Pill Bottle
Given the state of the economy, and upticks in home foreclosures and employment rates in the past few years, it may come as no surprise that antidepressants are now the most frequently used medications among Americans between the ages of 18 and 44, according to the Centers for Disease Control and Prevention.

People may have a lot to be depressed about lately, but why are veterinarians now prescribing antidepressants for pets? Considering the cushy life that many dogs and cats enjoy these days, do they really have anything to be down about?

It’s Not What You Think

Truth is, antidepressants are generally not used for depression in veterinary medicine. Rather, they are prescribed to help treat various underlying anxieties that can lead to behavior problems. And by behavior problems, I’m not talking about your average my-dog-doesn’t-come-when-I-call kind of issue.

I’m talking about complex problems, like the ones that have come through my exam room: a dog who shrieked whenever the silverware drawer was opened, a cat who repeatedly attacked his own tail until it was nothing but a bloody stump, and a rescued dog who constantly cowered and flinched — despite the fact that the canine’s kind-hearted owner spent months sleeping on the floor to earn the dog’s trust.

For these pets, there’s no “magic pill” that can cure their behavior problems. Although training and behavior modification may eventually help them overcome their anxieties, veterinarians may also prescribe medications to help prevent such pets from hurting themselves or damaging property — and to help reduce their anxiety levels long enough to allow them to learn new behavior patterns.

So what kind of behavior problems are we talking about? Here’s a look at five common scenarios in which vets may prescribe pet antidepressants.

Separation Anxiety

Many dogs can become severely distressed when they’re separated from their owners. A classic example of this is when owners leave for work, driving certain dogs to bark incessantly, destroy furniture, chew holes in drywall, urinate in the house and even scratch at the door until their paws are bloody.

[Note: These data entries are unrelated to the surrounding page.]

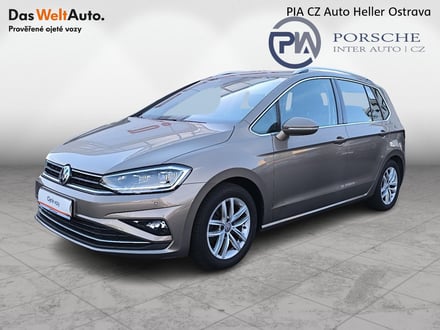 VW Golf Sportsvan 1.5TSI 110kW DSG HIGHLINE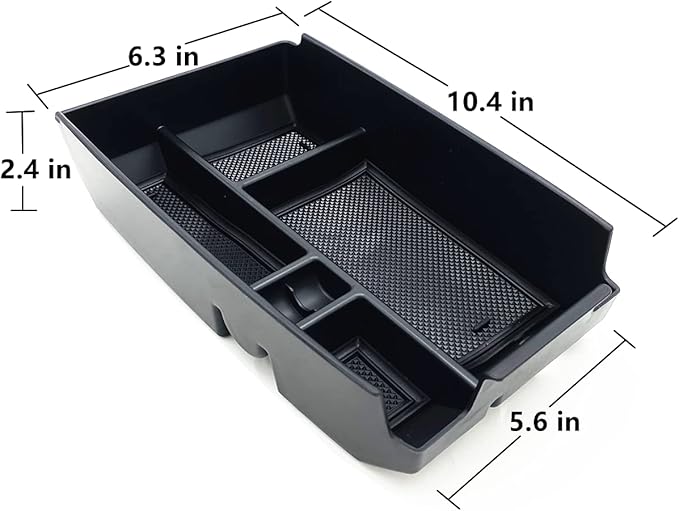 JOJOMARK Compatible with Ford Escape 2020 2021 2022 2023 2024 2025, Bronco Sport 2021-2023 2024 2025 Accessories Center Conso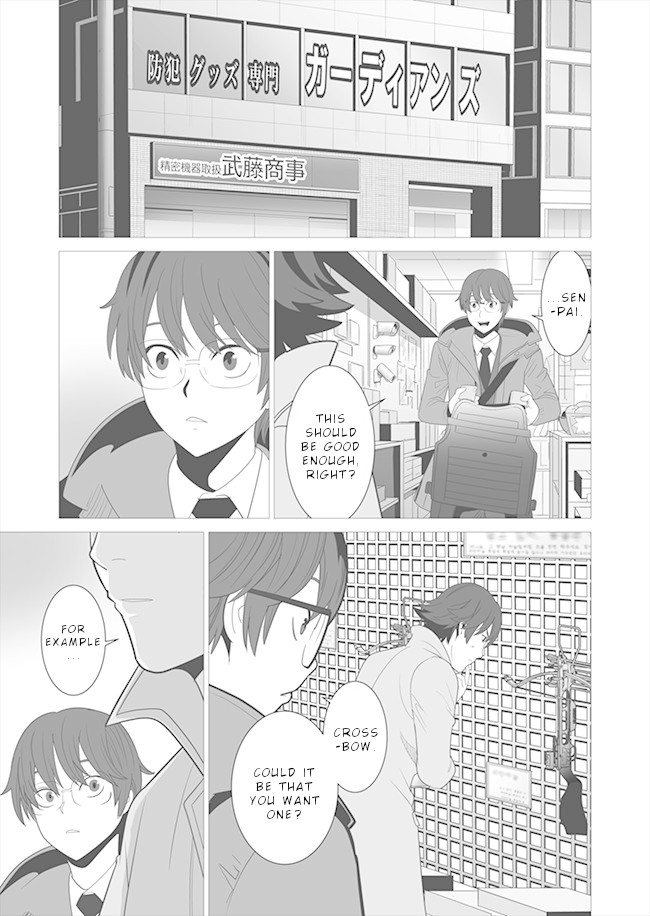 A Man With A Thousand Skills Started to Summon a Beast in Different World! Chapter 5 page 12 - Chapter 5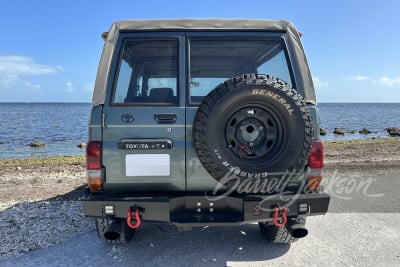 1993 TOYOTA LAND CRUISER FJ73 - 17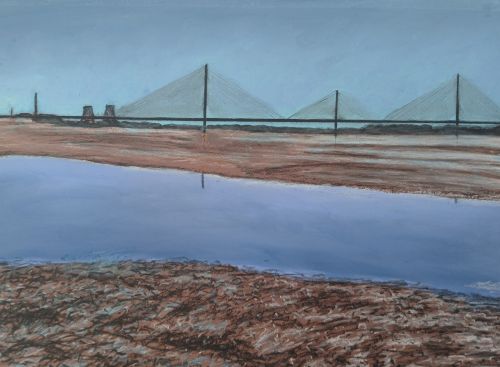 Mersey Gateway bridge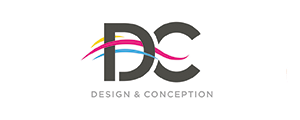 logo DC Design Conception
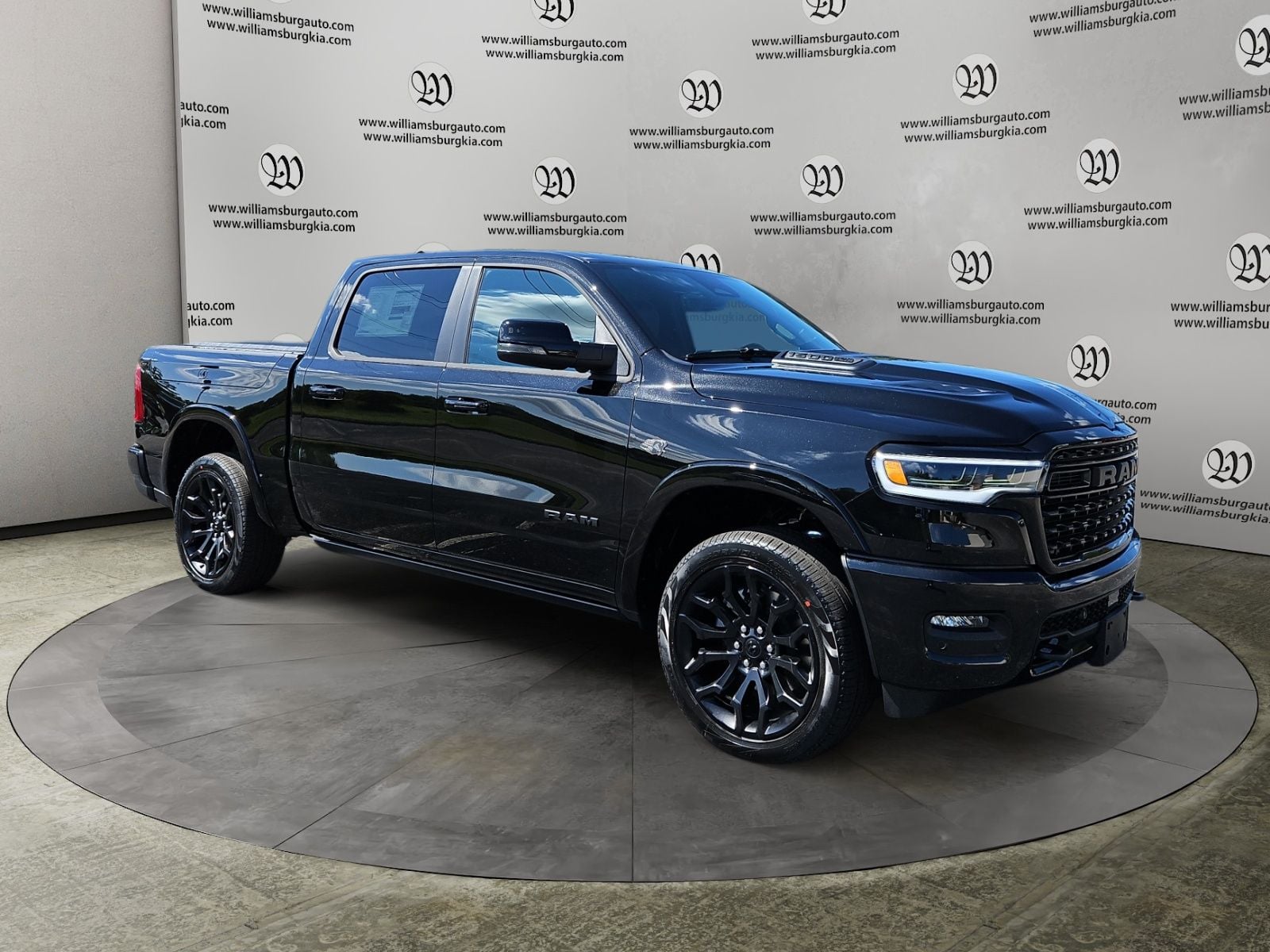 New 2027 Ram 1500 Limited - photo - 6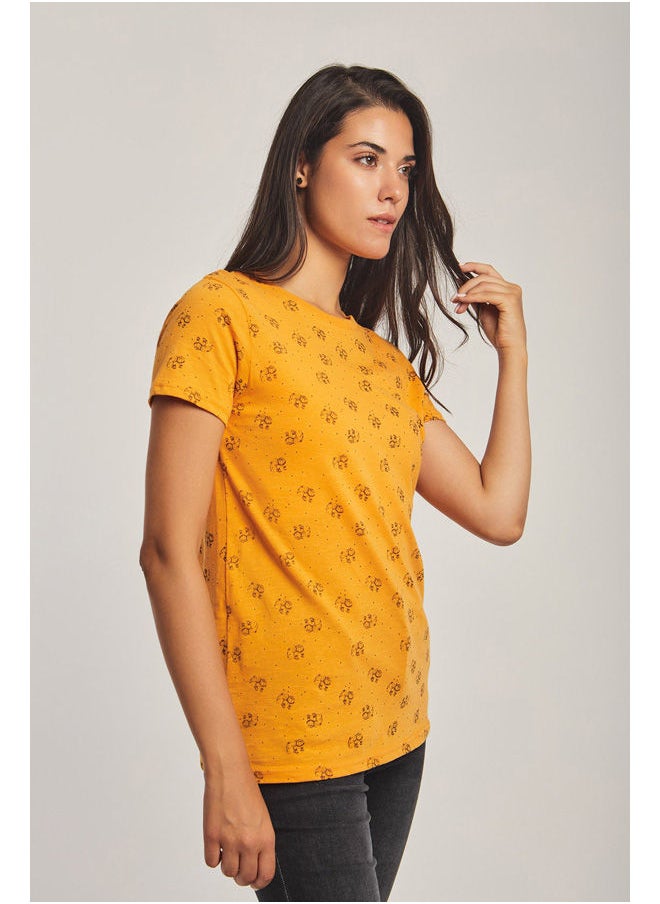 Premoda - Printed T-shirt - Image 1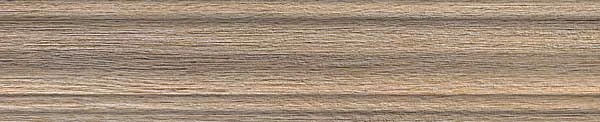 Плинтус Kerama Marazzi SG7014/BTG Фрегат коричневый 39.8x8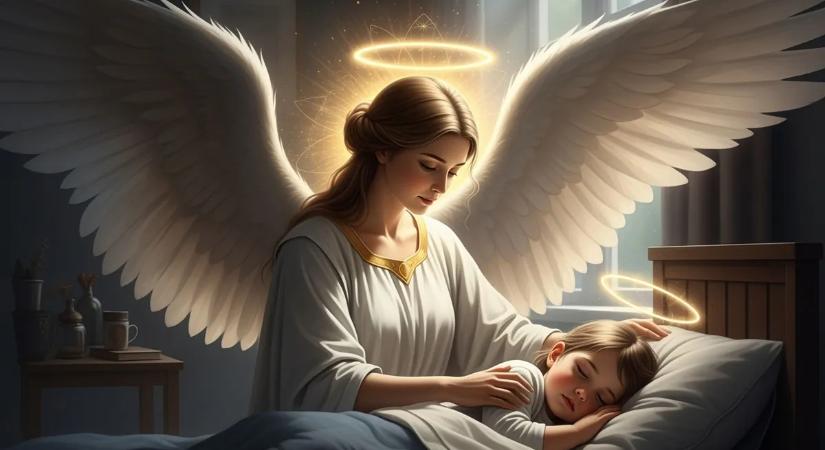 Három dolog, amit az őrangyalod megtesz érted és nem is tudsz róla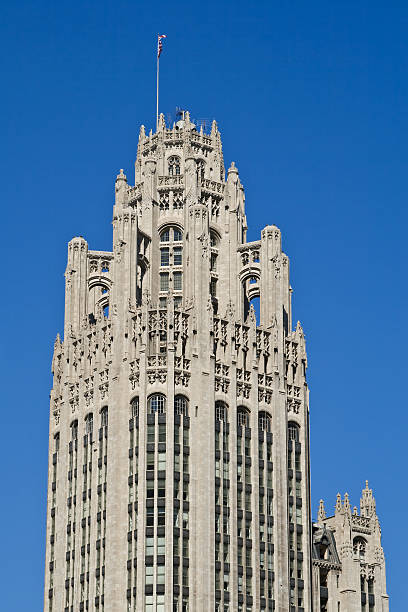 istock Chicago Tribune building 172445562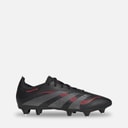 adidas Herre Predator League SG Blød Bund Fodboldstøvler Core Black/Grey Four/Lucid Red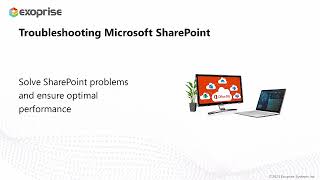 Troubleshooting Microsoft SharePoint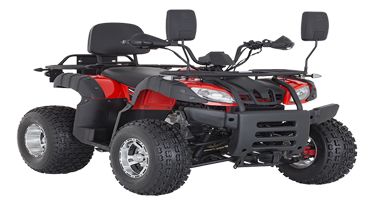 200 TERRATRACK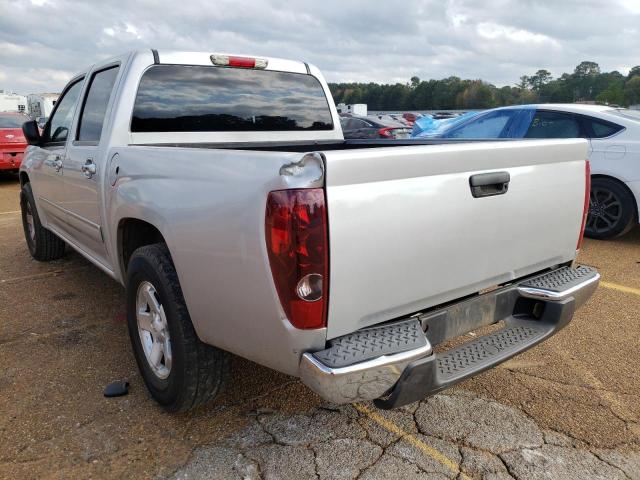 Photo 3 from auction – 2012 CHEVROLET COLORADO L with VIN 1GCDSCFE7C8136390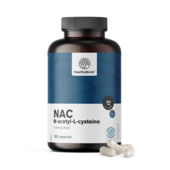 NAC 500 mg, 180 kapsul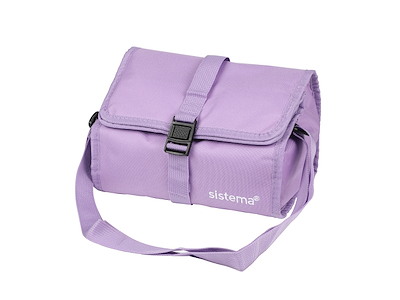 Fold Over Cooler Bag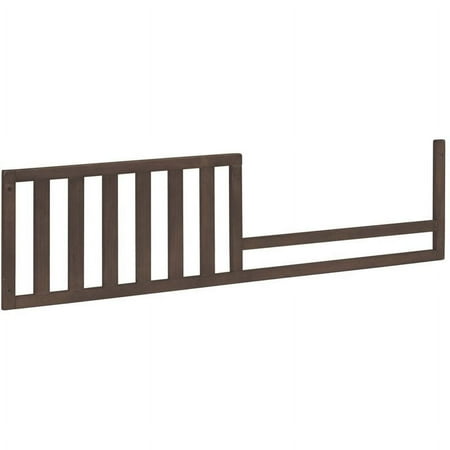UPC: 0092234014199 | Sorelle Furniture 136 Toddler Rail Crib Chocolate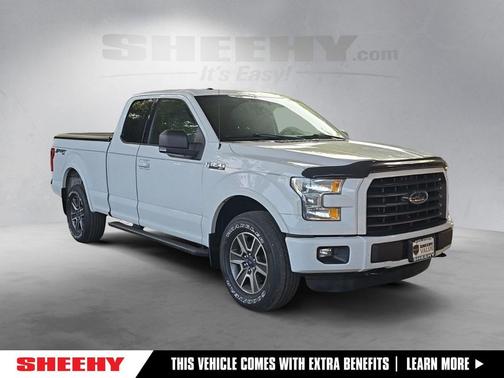2015 Ford F-150 XLT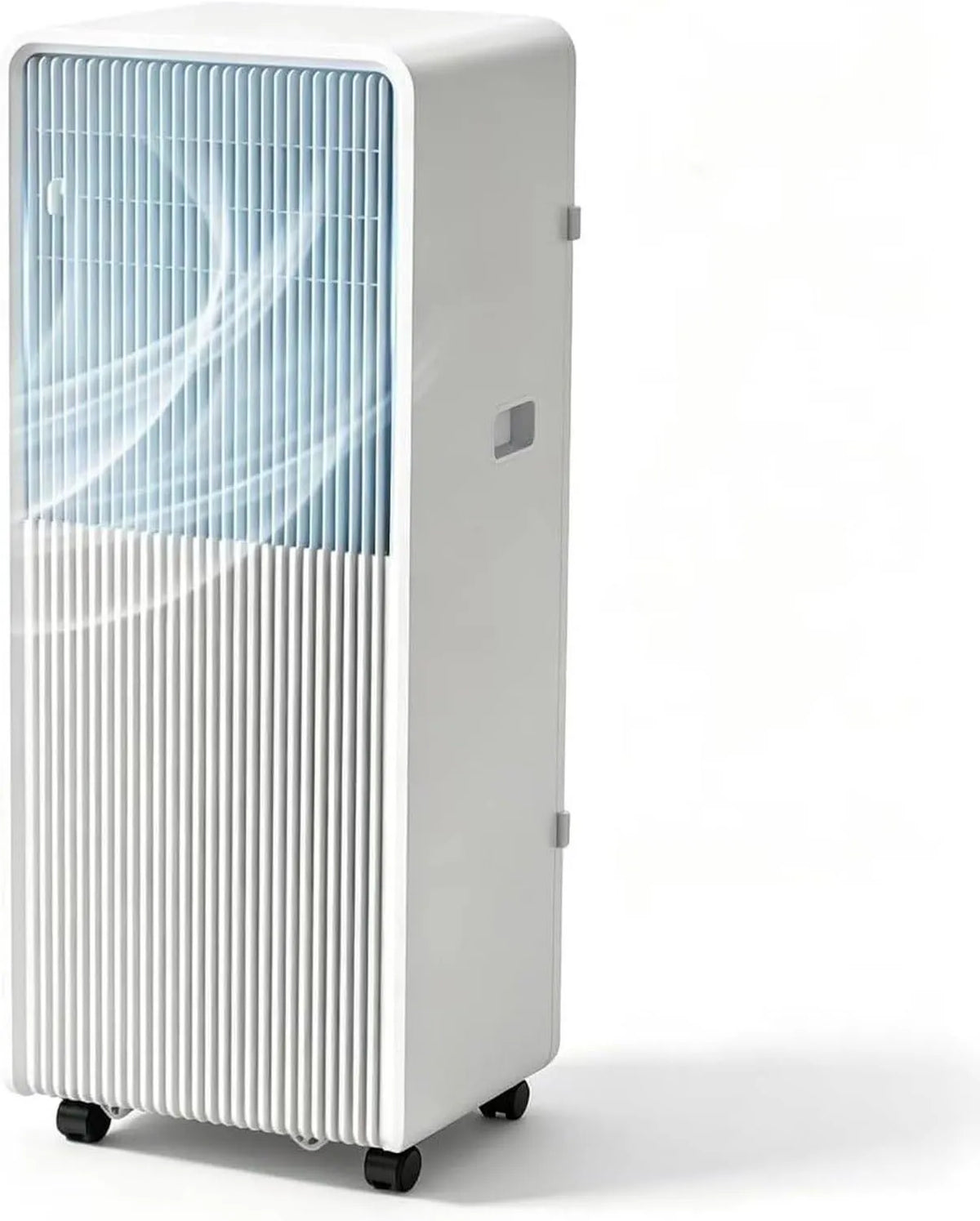 GYFGRTQ klimatyzator przenośny, Klimatyzator BTU 3 -in-1, Wentylator do części do 500 Stopy kwadratowe, 10000 3 w 1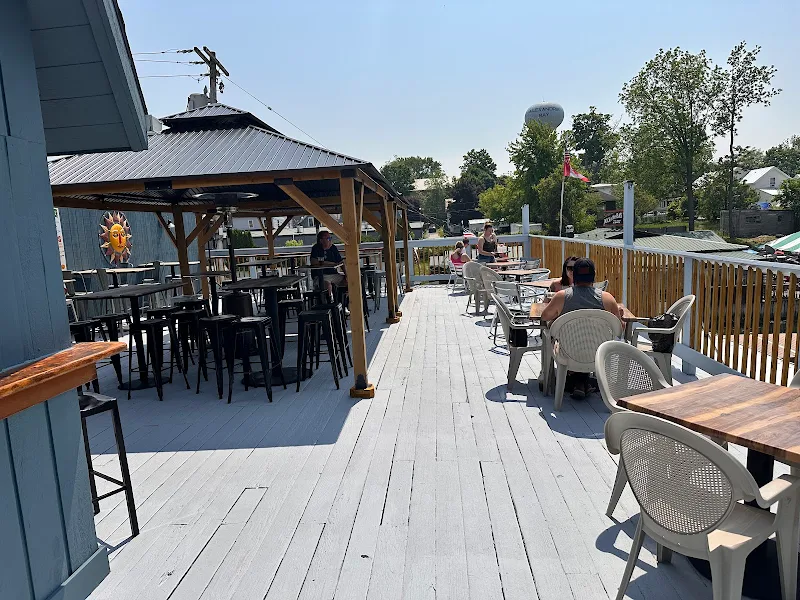 Top Of The Bay Tex Mex Bar and Bistro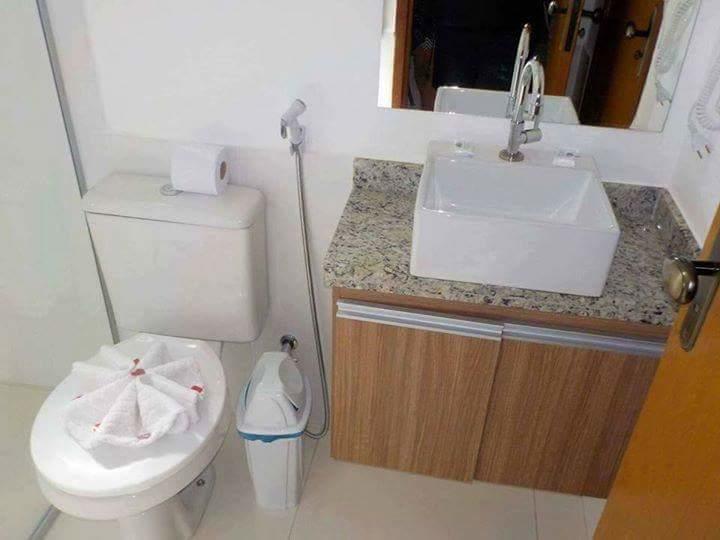 Apartamento No Encontro Das Aguas Caldas Novas Εξωτερικό φωτογραφία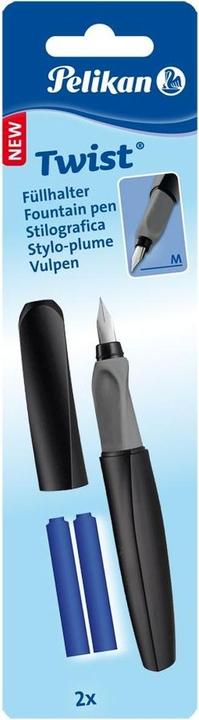 Immagine prodotto Pelikan Torsione (Nero, 1 x)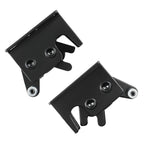 2PK Rotary Latch for Leer 100XL/XR/XQ/180XL Tonneau 83515 + 83514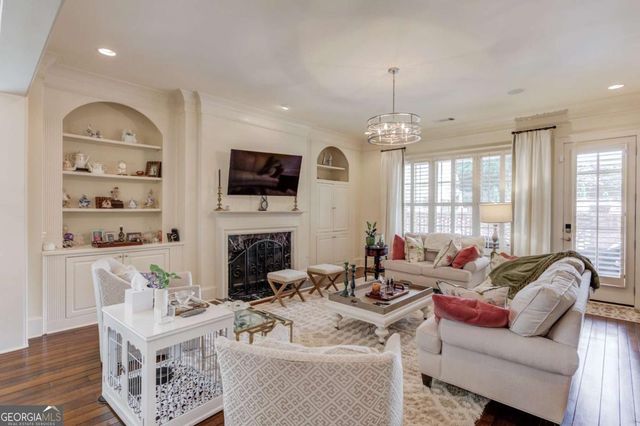 10853 Enclave Lane, Alpharetta, GA 30022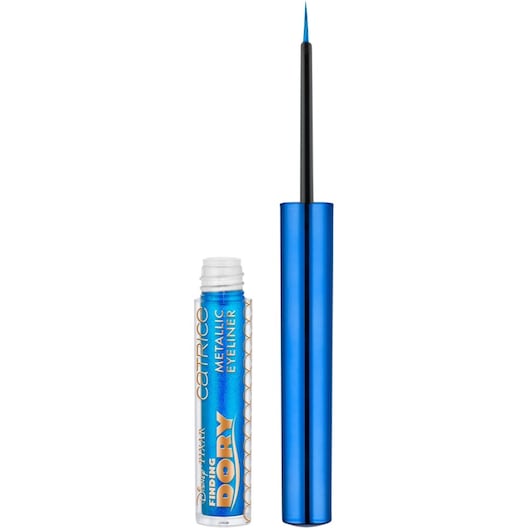 Catrice Indsamling Disney Pixar Finding Dory Metallisk eyeliner Den blå lagune 1,5 ml ()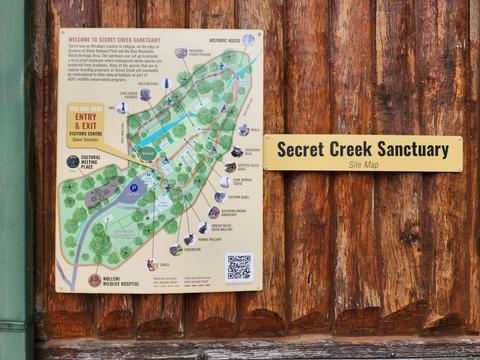 Secret Creek Sanctuary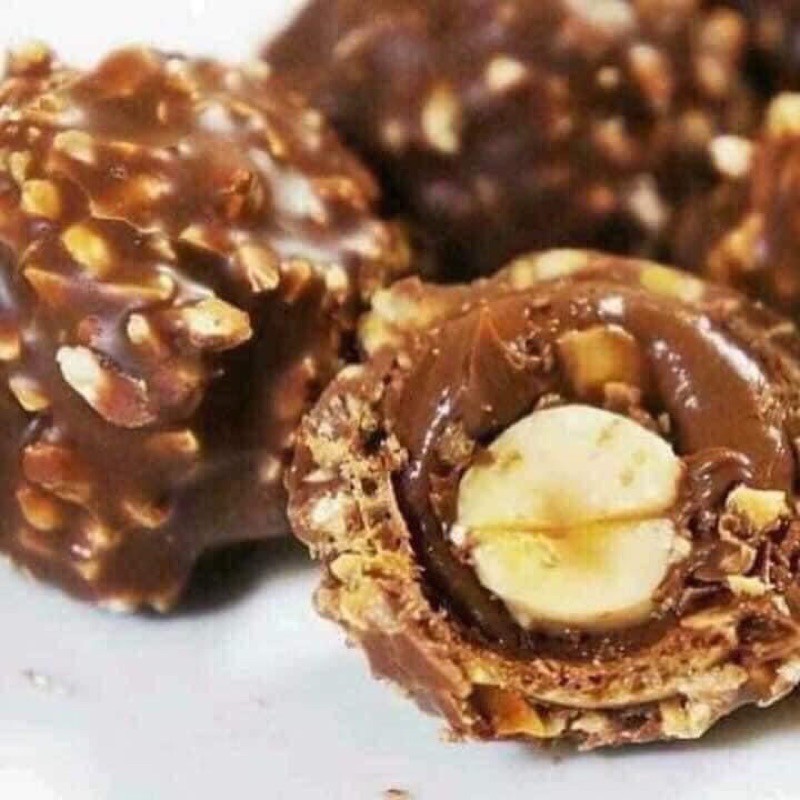 Socola Ferrero Rocher 30v/48 viên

Generalized and Acute Anxiety

Pets who were poorly socialized or who had bad experiences as youngsters may have trouble interacting with people and animals — and be fearful of new situations. Others may experience acute anxiety, which can manifest as thunderstorm phobias or a fear of loud noises.

Compulsive Disorders

Pets can display repetitive behaviors that serve no function. Cats with psychogenic alopecia, for example, may groom themselves to the point where their flanks or limbs are completely devoid of hair. Cats can also compulsively pace, yowl or suck on fabrics, such as wool. Compulsive behaviors for dogs include repetitive licking, fence running and tail chasing.

Cognitive Dysfunction Syndrome

Older pets, especially dogs, may start to show signs of anxiety associated with an aging brain, as well as appear disoriented, forget housetraining and interact less with the family.

Feline Urine Marking

While most urine marking can be resolved through neutering or spaying a pet, some felines who continue to spray in the house may respond to medication. In cases like these, your veterinarian will examine the pet and recommend diagnostic tests to help rule out underlying medical conditions that can cause the behavior problem.

4 Important Facts About Antidepressants and Pets

No medication is a replacement for training and behavior modification. Prescription drugs may help calm a pet, but they don’t address the underlying problem. Ideally, antidepressants should be used on a short-term basis, so that your pet is more receptive to training. The ultimate goal: Change a pet’s behavior through training, eliminating the need for medication.

Many medications have potential side effects. Your veterinarian may want to perform blood tests before prescribing an antidepressant, as well as run periodic blood tests during treatment to help determine how your pet’s body is tolerating the medication. Be sure to ask your vet what potential side effects are associated with your pet’s medication.

Pets will not change behaviors overnight. With many medications, it may take several weeks or months before you notice changes in your pet’s demeanor.

Some medications may be used off label. What this means is that a drug can be prescribed for a use that has not been approved by the Federal Drug Administration (FDA). While veterinarians make recommendations based on the best information available, using drugs off label is not without risks, so you may be asked to sign a consent form authorizing the use of medications in this manner.

For pets with severe behavior problems, antidepressants may help them cope with their anxieties in the short term, but the real key is for owners to possess the patience and determination to provide their pets with the right training — even if it means working with a veterinary behaviorist or a certified trainer. Ultimately, this is what will make pets a lot happier.